At its core, this package takes in a peak list (a data frame containing columns for sample id and feature id) and returns one with only high-quality peaks. It does this by calculating a few metrics of peak quality from the raw MS data, providing methods for rapid feature viewing and labeling, and constructing a logistic model to label any remaining features.
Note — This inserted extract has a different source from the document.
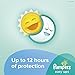 Pampers Easy Ups Training Pants Pull On Disposable Diapers for Boys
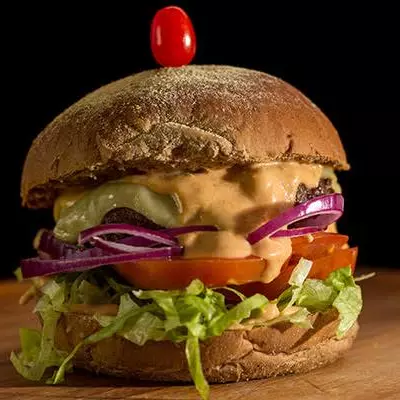 BURGUER CARAMELIZADO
These steps are reviewed in detail with associated code entries in the rest of this vignette below.

2.1 Peakpicking with XCMS

This demo uses data peakpicked with XCMS but it’s worth noting that any peakpicking software could be used to produce a peak list as long as it can be turned into the proper input format (see “Calculating metrics of peak quality” below). The data files used here for demonstrationg purposes are those provided with the RaMS package.

suppressPackageStartupMessages({
    library(dplyr)
    library(tidyr)
    library(tibble)
    library(ggplot2)
    library(xcms)
    library(RaMS)
})
mzML_files <- system.file("extdata", package = "RaMS") %>%
    list.files(full.names = TRUE, pattern = "[A-F].mzML")

register(BPPARAM = SerialParam())
cwp <- CentWaveParam(snthresh = 0, extendLengthMSW = TRUE, integrate = 2)
obp <- ObiwarpParam(binSize = 0.1, response = 1, distFun = "cor_opt")
pdp <- PeakDensityParam(
    sampleGroups = 1:3, bw = 12, minFraction = 0,
    binSize = 0.001, minSamples = 0
)


xcms_major_version <- as.numeric(substr(as.character(packageVersion("xcms")), 1, 1))
if (xcms_major_version >= 4) {
    library(MSnbase)
    msexp <- readMSData(mzML_files, msLevel. = 1, mode = "onDisk")
    fpp <- FillChromPeaksParam(ppm = 5)
} else {
    library(MsExperiment)
    msexp <- readMsExperiment(mzML_files, msLevel. = 1, mode = "onDisk")
    fpp <- ChromPeakAreaParam()
}

xcms_filled <- msexp %>%
    findChromPeaks(cwp) %>%
    adjustRtime(obp) %>%
    groupChromPeaks(pdp) %>%
    fillChromPeaks(fpp)

This XCMS object is useful for documenting processing steps and interfacing with R-based pipelines but can be challenging to inspect and interact with. squallms provides a function that turns this S4 object into a flat file containing the feature and peak information.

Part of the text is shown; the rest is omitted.